Workflow Representation

Our workflows are represented in three abstraction layers: AbstractWorkflow, WorkflowModel and ExecutableWorkflow.

In AbstractWorkflow layer, we use two main concepts: WorkflowType and ActivityType. WorkflowType contains the general types of the workflow that can be represented (for example, sequential workflow, state machine workflow and event drive workflow). ActivityType contains the general types of activities (command line activities, Web services, C# Code Activities, etc) and a set of properties assigned to each activity (for example, a Web service activity has a property called Proxy). In our Provenance Challenge workflow examples, we have only sequential workflows using command line activities. The AbstractWorkflow layer contains the type of workflow that is being stored and the links among ActivityTypes. Figure 1 presents the graphical representation of the first workflow example, using Windows Workflow Foundation (WinFX). In our model, we do not need to store activities that represent execution constructions (such as parallel activities or sequence activities). These constructors can be automatically implied from our links.

AbstractWorkflow

Figure 1 – Abstract Workflow using Windows Workflow Foundation graphic representation

Figure 2 presents a simpler way to visualize the information of the Abstract Workflow layer.

AbstractWorkflow simpler representation

Figure 2 – Simpler representation of Abstract Workflow information

Figure 3 presents the part of our data model that stores information about Abstract Workflows and the relationships among keys and foreign keys. It is important to note that inside an AbstractWorkflow, activities can be linked by Port (data channels) or Links.
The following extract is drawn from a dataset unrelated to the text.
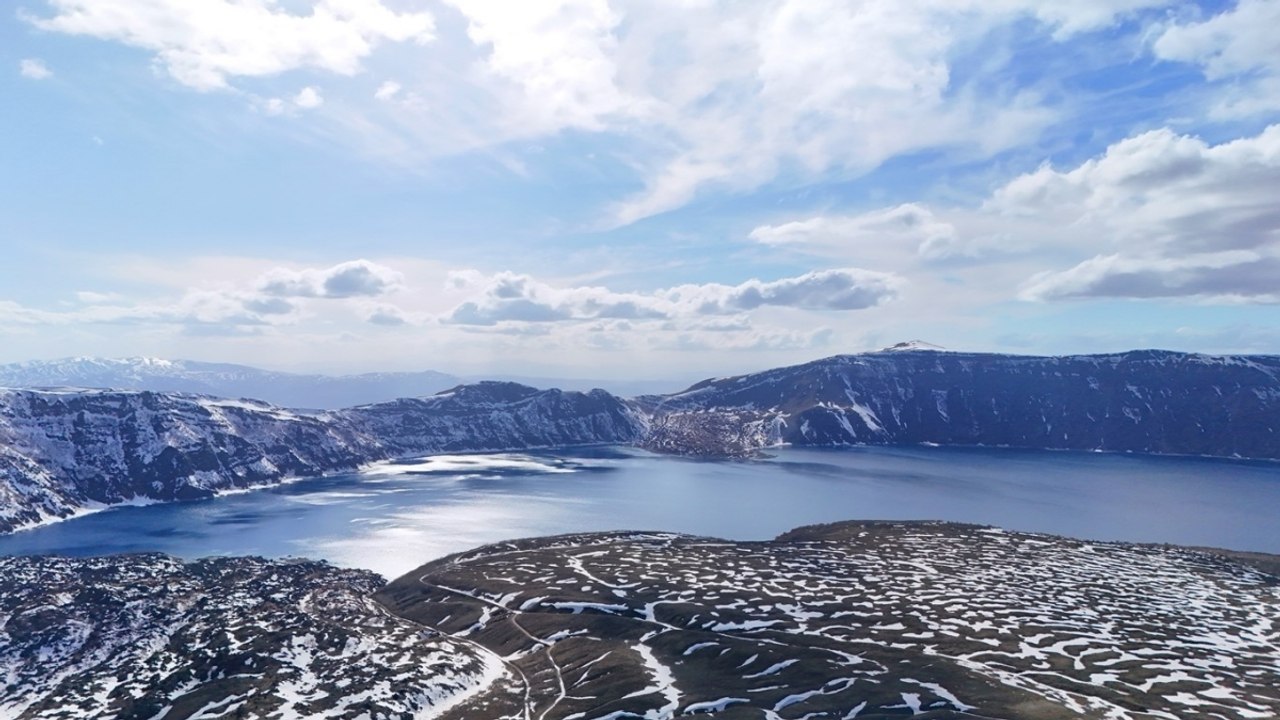 Ayı saldırısı riski var! Doğaseverler vazgeçmiyor: ''Nemrut'u çok özledik''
The difference is that the linkage using Links is between two activities and the linkage using Ports is between two activities’ ports. In the graphical representation from Windows Workflow Foundation, you can see only links among Activities, but you have implicit links among information (ports) using shared variables. Our data model allows both kinds of linkage.

The Tables DataType, Property and Value are shared in our model (they are used by several tables in all the layers of our provenance model, including the provenance representation) to allow information reuse. Table AbstractWorkflowAnnotation_Property_Value contains the annotations made by users about the Abstract Workflows.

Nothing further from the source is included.